1996 Vandry BJJ’s first student (William Vandry, Jared Manbeck, Carlos Machado)
2012 Vandry BJJ’s first student defines a loyal Martial artist
I was able to absorb and digress Jiu-jitsu history with one of my students recently. In June 2012, my first student from 16 years ago in Killeen, Texas came to visit me. His name is Jared Manbeck. When I met Jared, we both were very young men back then, and I was one of Texas first blue belts, and later one of Texas’ first four BJJ Black belts.
Jared and I had kept communication but we had not seen each other since 2000. He planned to visit me to train and update his BJJ and to just catch up and pay respects to his instructor.
We were able to get some good mat time, and I think I gave Jared a few new ideas to improve his game. We had dinner that night, and when Jared left, I reflected and talked to my wife about my BJJ old days in Killeen. I reflected past students, and how fortunate we were to do what we do.
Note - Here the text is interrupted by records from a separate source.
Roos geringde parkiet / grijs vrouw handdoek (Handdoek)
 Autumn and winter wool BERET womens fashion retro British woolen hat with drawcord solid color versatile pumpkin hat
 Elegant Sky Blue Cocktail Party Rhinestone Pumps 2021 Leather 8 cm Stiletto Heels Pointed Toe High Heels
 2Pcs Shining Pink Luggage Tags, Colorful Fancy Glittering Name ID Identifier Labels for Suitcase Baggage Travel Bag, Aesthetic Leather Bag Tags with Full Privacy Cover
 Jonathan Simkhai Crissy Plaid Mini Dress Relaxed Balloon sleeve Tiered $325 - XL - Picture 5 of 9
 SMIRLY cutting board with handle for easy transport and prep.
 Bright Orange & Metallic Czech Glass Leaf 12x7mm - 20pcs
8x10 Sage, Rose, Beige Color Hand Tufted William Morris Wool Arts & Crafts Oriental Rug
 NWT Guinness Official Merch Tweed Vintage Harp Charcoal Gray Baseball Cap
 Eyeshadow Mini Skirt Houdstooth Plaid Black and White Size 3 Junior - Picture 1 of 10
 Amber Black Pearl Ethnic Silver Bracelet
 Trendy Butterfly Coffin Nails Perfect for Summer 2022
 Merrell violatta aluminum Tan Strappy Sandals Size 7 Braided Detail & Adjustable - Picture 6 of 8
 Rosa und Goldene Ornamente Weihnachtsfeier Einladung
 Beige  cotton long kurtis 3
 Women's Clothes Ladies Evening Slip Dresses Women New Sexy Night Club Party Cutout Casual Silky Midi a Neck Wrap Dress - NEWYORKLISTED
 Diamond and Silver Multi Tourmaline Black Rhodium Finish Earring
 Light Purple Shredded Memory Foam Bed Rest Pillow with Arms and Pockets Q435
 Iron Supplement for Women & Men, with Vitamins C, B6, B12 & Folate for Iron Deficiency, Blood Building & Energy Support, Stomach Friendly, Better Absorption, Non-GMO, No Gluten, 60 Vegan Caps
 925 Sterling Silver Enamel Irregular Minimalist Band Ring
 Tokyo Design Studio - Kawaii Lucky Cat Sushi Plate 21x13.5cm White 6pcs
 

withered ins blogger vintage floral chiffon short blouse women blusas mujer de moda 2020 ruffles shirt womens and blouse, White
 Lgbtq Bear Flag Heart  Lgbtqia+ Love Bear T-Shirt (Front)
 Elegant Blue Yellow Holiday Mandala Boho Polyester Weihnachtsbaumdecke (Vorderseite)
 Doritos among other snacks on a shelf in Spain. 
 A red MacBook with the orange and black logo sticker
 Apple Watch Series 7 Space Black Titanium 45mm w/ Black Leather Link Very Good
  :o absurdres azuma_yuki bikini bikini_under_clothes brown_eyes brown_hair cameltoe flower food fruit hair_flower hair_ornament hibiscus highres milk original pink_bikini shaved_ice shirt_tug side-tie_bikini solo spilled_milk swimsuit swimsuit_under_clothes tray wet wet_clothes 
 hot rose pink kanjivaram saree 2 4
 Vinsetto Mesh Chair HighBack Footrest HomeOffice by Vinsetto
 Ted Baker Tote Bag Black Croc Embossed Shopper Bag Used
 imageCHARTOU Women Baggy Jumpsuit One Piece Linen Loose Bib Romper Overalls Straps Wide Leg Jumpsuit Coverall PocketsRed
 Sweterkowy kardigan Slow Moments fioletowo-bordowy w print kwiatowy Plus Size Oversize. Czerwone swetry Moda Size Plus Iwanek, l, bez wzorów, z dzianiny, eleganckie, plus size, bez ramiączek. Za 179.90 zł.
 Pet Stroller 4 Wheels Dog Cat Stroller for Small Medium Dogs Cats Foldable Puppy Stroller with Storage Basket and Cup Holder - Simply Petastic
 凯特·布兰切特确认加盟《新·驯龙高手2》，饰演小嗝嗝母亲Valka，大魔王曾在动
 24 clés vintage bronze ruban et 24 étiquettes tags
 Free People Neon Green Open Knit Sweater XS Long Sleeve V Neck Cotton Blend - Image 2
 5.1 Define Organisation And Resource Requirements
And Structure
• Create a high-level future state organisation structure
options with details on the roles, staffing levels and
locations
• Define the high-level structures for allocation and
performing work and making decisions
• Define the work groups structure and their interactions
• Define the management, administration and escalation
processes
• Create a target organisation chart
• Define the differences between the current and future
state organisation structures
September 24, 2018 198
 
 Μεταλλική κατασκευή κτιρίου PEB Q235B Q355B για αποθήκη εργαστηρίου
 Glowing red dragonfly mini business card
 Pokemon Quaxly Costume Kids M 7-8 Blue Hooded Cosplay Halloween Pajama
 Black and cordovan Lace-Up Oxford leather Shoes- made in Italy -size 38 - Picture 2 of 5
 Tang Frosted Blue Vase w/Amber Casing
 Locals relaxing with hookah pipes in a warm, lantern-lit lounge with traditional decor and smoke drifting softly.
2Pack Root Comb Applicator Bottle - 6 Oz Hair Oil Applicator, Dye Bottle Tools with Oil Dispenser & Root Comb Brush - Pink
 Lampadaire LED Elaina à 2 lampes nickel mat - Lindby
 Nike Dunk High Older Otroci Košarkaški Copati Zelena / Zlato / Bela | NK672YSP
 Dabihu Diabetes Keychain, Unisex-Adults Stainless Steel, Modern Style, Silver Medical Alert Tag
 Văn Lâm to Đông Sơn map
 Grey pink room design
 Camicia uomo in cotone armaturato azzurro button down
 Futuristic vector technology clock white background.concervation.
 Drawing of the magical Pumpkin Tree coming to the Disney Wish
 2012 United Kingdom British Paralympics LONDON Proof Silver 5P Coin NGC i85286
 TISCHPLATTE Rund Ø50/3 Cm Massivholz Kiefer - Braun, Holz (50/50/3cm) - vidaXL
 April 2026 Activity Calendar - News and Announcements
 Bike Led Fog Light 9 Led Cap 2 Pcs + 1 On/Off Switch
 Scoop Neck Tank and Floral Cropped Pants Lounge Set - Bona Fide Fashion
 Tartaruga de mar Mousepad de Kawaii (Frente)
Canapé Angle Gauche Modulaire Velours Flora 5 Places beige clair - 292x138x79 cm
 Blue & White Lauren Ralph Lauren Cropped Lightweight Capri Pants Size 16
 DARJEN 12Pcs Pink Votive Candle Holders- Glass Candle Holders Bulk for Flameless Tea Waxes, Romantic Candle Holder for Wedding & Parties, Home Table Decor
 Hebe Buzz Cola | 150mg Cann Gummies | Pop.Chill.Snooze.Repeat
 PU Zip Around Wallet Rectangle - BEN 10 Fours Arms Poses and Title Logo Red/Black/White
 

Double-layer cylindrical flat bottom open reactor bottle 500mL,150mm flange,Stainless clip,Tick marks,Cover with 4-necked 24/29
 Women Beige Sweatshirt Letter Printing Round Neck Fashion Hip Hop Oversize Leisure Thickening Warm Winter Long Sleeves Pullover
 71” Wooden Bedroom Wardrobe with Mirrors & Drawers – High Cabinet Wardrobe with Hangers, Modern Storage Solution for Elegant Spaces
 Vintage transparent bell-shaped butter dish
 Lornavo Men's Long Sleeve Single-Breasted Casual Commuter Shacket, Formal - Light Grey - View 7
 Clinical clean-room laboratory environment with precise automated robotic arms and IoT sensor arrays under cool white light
I told Jared one day maybe I should write an article about my history, and my great legacy with the Machado brothers.
I have seen the entire history of BJJ in Texas. I know pretty much every name in our state or Black belt lineage. I remember the first schools in Texas and USA for that matter. Mine was one of them.
When my instructor moved to Dallas in December 1995, I began training with him in January 1996. I used to drive four hours there and four hours back every Tuesday. I could not wait to get the class instruction, the mat time, and mat time with my instructor Carlos Machado, and my private lesson.
I would drive back almost falling asleep at the wheel. I used to pinch myself, open the window and even torture myself by stopping by those truck stops on highways to get a cup of coffee to keep me awake. I loved it. And I loved earning my belts. I loved working hard for what I have earned in BJJ. I was given my 3rd degree BJJ Black belt almost three years ago. I train with my students just about every class I teach. I need my mat time, my experimentation, my ideas, designs and exploration of newer techniques. I also have very tough blue, purple, brown and black belts that are my students. This desire of mine is like Tesla, when he designed newer ideas for the future.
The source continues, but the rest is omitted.